If we rely on bureaucracy to do what it does best...
... we have become addicted to the necessity for control, which we can never achieve - hence the exhausting sense of failure and pessimism. Even worse, the very attempt to achieve control is the source of most, if not all of the personal and organizational pathologies that bedevil us.
Harrison Owen
Virtual community
offers an almost comfortable workaround, and in case of neighborhoods, a backup to re-connect and take action together, giving more choices and mobilizing more resources than a strained bureaucracy can hope to offer in case of disaster.
To me, viable collaborative organization online comes in layers.
- connected individuality as Anne Marie McEwan says.
- open space for people to join groups and work out results together.
- practices, protocols and processes for groups to connect, align and join forces on shared goals.
What connecting via the web does
It reduces cost of the preliminaries. (Thank you @CASUDI). So when you meet in 3D same-space, trust is already there and you can get right to work. As in the meeting, Mike gave me his telephone and I took the video of the interview as if we had been neighbors/friends for years.

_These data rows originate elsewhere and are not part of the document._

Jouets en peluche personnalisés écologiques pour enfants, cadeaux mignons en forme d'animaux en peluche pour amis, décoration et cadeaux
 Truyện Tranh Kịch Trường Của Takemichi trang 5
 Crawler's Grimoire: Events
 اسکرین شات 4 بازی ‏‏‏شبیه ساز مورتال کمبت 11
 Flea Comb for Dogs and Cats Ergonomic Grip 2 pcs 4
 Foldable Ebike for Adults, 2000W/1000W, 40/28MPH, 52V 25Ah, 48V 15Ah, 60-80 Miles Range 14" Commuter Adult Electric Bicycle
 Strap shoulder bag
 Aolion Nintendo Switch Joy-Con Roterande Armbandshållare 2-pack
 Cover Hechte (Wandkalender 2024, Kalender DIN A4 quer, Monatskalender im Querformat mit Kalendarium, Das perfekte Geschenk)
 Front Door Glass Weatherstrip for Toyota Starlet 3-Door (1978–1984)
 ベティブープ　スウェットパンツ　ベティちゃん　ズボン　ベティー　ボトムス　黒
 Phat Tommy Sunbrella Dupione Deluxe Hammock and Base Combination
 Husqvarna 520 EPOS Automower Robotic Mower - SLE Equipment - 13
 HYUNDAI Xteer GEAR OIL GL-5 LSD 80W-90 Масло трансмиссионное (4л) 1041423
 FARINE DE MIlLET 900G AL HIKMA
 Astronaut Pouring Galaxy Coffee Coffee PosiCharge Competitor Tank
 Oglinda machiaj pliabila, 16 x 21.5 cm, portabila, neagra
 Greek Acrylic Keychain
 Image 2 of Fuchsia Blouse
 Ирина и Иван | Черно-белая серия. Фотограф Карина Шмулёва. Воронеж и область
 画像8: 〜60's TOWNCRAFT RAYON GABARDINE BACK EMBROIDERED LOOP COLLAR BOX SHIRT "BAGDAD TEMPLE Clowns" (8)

In a way we have, online.
Synapsing
Connecting with another organization actively supporting recovery: Tohoku Planning Forum, a group of professionals engaged in long-term revitalisation of Japan's disaster-struck Tohoku as well as other regions, marked by similar structural problems.
On their TPF2 site a serendipity synapse via Twitter appears just as I am writing this. It links to a related event yesterday Nov. 30 at United Nations University, Tokyo: Rebuilding after 3/11: Vulnerability and Empowerment.
Insight
Looks like the dynamics of the third layer are already in place. Now the question becomes how to enable more people and communities to walk this path into viable collaborative action. Your turn?